This is the mail archive of the
gcc@gcc.gnu.org
mailing list for the GCC project.
Re: mul + div with 64 bit signed ints on IA32
- To: "Frank Klemm" <pfk at fuchs dot offl dot uni-jena dot de>, "Jan Hubicka" <jh at suse dot cz>
- Subject: Re: mul + div with 64 bit signed ints on IA32
- From: "Tim Prince" <tprince at computer dot org>
- Date: Tue, 4 Sep 2001 15:10:37 -0700
- Cc: <gcc at gcc dot gnu dot org>
- References: <20010826202953.E2544@fuchs.offl.uni-jena.de> <20010826233634.A6693@atrey.karlin.mff.cuni.cz> <20010827004731.G2544@fuchs.offl.uni-jena.de> <20010827121624.D8568@atrey.karlin.mff.cuni.cz> <20010827143032.C636@fuchs.offl.uni-jena.de> <20010827173025.F11402@atrey.karlin.mff.cuni.cz> <20010901202854.A7713@fuchs.offl.uni-jena.de> <20010902000000.C27182@atrey.karlin.mff.cuni.cz> <20010902024104.F7713@fuchs.offl.uni-jena.de> <20010903171717.E13574@atrey.karlin.mff.cuni.cz> <20010904215156.C438@fuchs.offl.uni-jena.de>
----- Original Message -----
From: "Frank Klemm" <pfk@fuchs.offl.uni-jena.de>
To: "Jan Hubicka" <jh@suse.cz>
Cc: <gcc@gcc.gnu.org>
Sent: Tuesday, September 04, 2001 12:51 PM
Subject: mul + div with 64 bit signed ints on IA32
>
> A rounding of a 'double' to an 'int' with ANSI-C took 160
clocks on a K6-2.
> In the same time it was possible to calculate the scalar of
_two_ 1200 byte
> long vectors of float values. This is brain dead!
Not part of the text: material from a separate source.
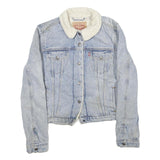 LEVI'S Mens Blue Denim Sherpa Collar Jacket M Cotton Button Casual Outerwear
I don't see that you have specified which gcc version you have
chosen. The 3.0 series chooses by far the slowest method. I
don't attempt to run gcc on my K6-2 anyway. Honza has done an
excellent job of correcting this in gcc-3.1, without taking any
unusual shortcuts, implementing both x87 and SSE2. I hope you
don't advocate undoing his work in favor of something totally
strange.
>
> Here we have problems with the design of C and with the design
of the FPU
> of the iA32 architecture.
No doubt an unusually slow code generation choice could be made
for almost any architecture. It's true that the idea of a single
instruction to store float to integer with truncation toward zero
came late in the IA32 series, but the gcc-3.0 code sequence is
contrary to any recommendation ever published. Compaq just
corrected a similar problem in their compilers, before the Intel
acquisition.
>
>
> Option proposals:
>
> -fsaverc
> -ffastrc
> -fsavecld ; the same for the cld flag
> -ffastcld
>
glibc includes implementations of lrint() and the like. I'd like
to see something like -ffast-rint to support g77 (Fortran
spelling -ffast-nint), which has a precedent in the MipsPro
compilers. That only modifies the code to accept IEEE style
round-to-nearest in place of Fortran style round-to-nearest.